Data below
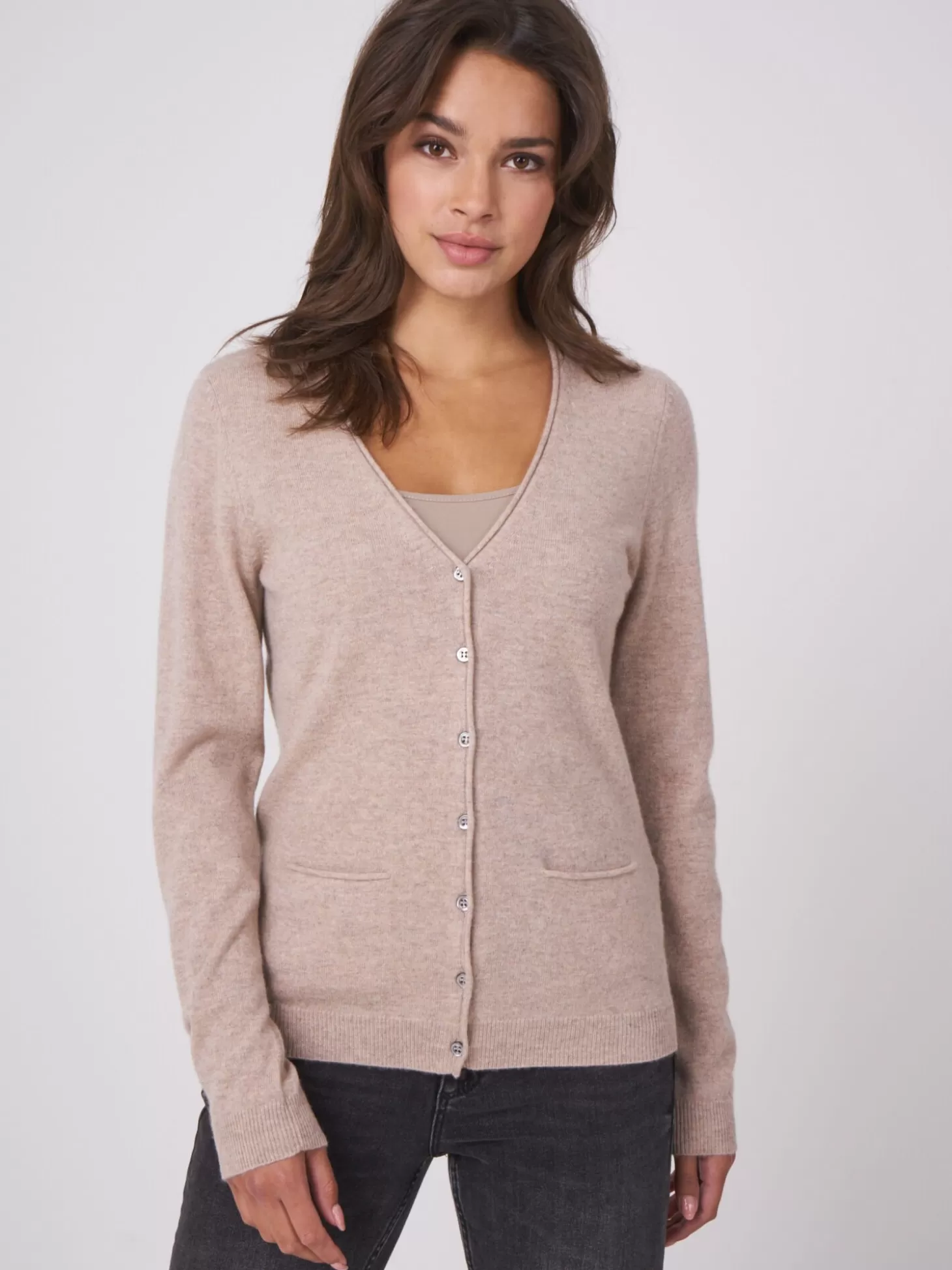 REPEAT cashmere Cardigan De Base Avec Col En V Et Poches Sand Sale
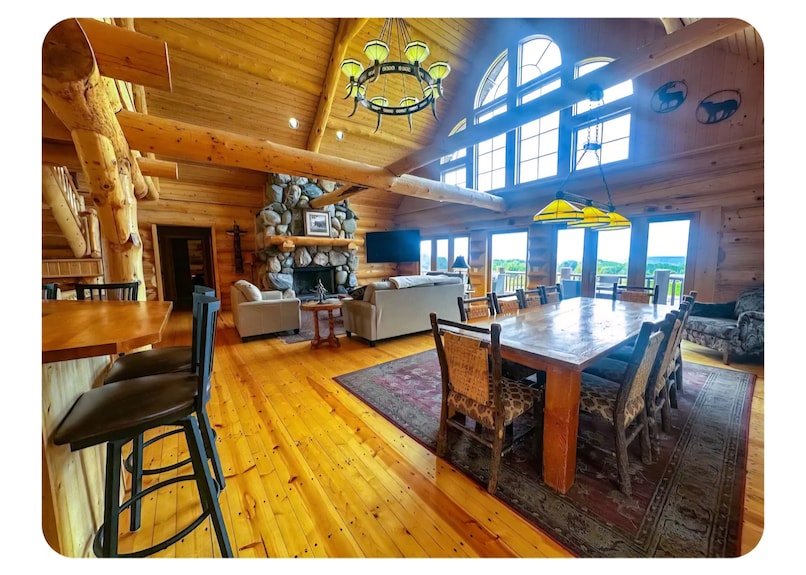 Spacious 5-bedroom Cabin In Charming Bellaire On Golf Course - Torch Lake, MI
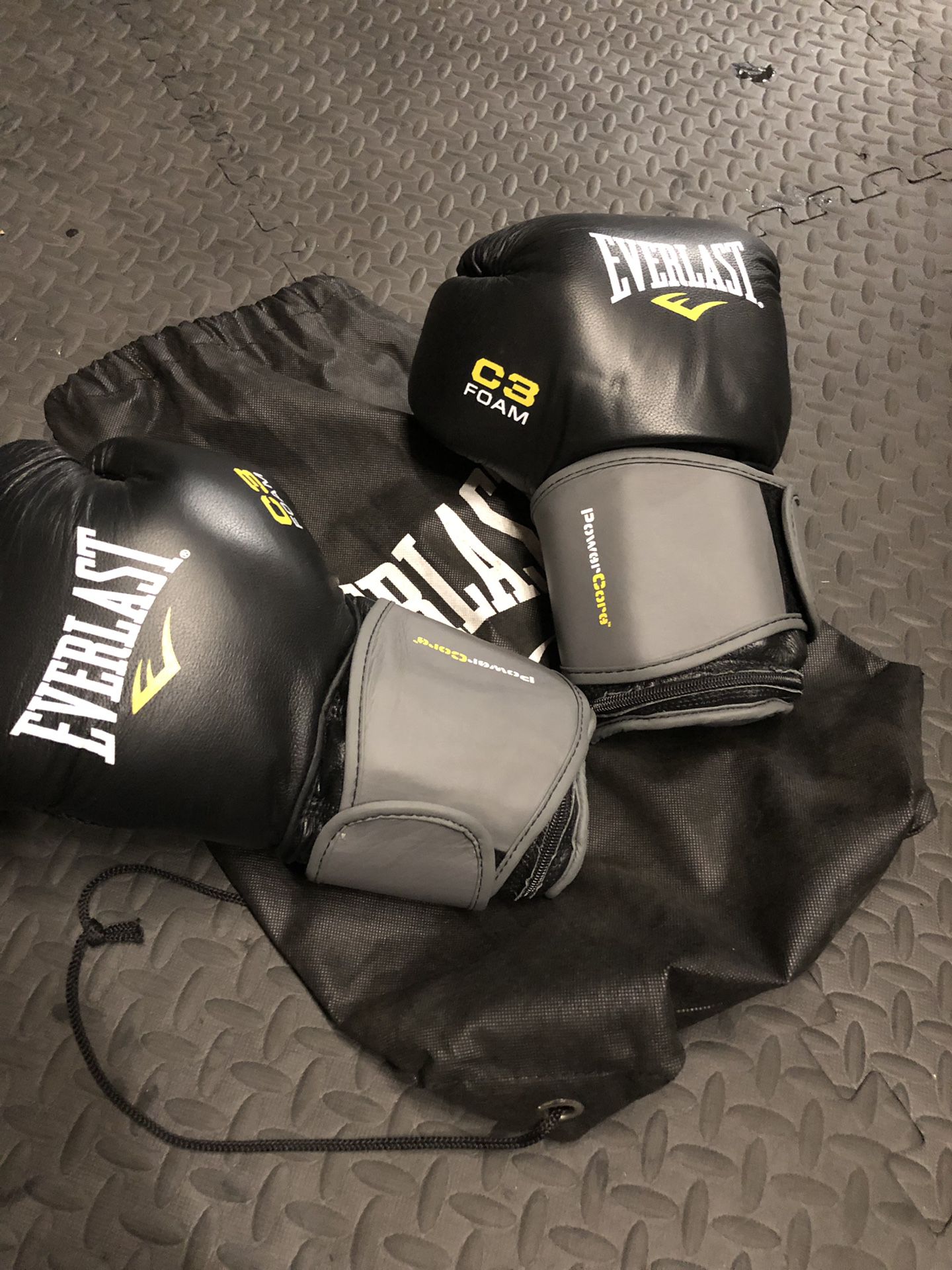 Everlast 3lb heavy bag gloves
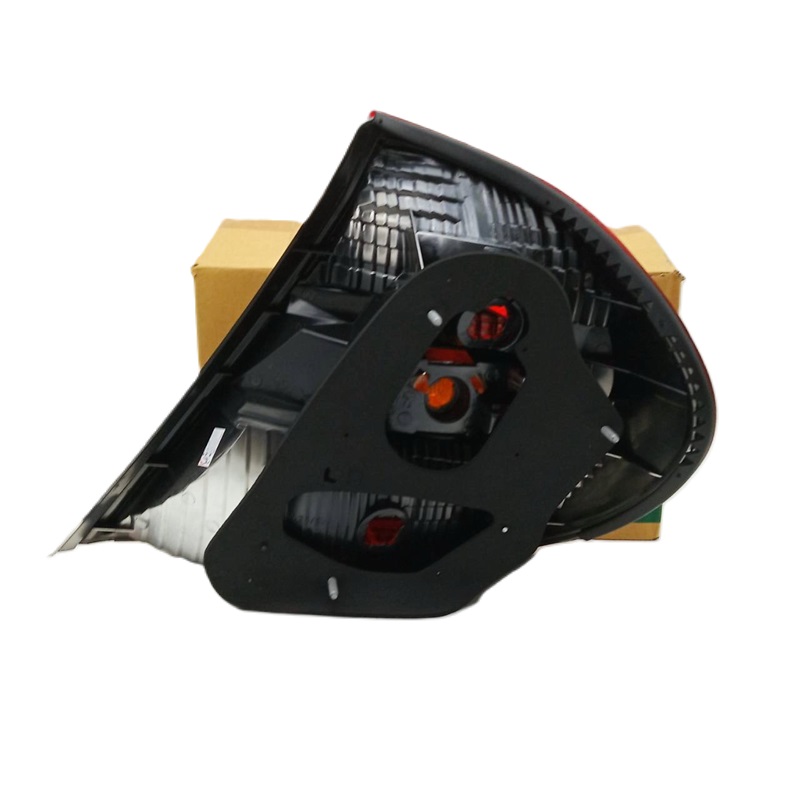 ไฟท้าย TOYOTA CAMRY(คัมรี่)/ACV30-31 โฉมผู้นำ รุ่นที่1 ปี2002-2004 (งานแท้ DEPO) -ราคาต่อดวง-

The task
Everything in the preceding material must be transcribed exactly, except the images.

Result of this exercise
 REPEAT cashmere Cardigan De Base Avec Col En V Et Poches Sand Sale
 Spacious 5-bedroom Cabin In Charming Bellaire On Golf Course - Torch Lake, MI
 Everlast 3lb heavy bag gloves
 ไฟท้าย TOYOTA CAMRY(คัมรี่)/ACV30-31 โฉมผู้นำ รุ่นที่1 ปี2002-2004 (งานแท้ DEPO) -ราคาต่อดวง-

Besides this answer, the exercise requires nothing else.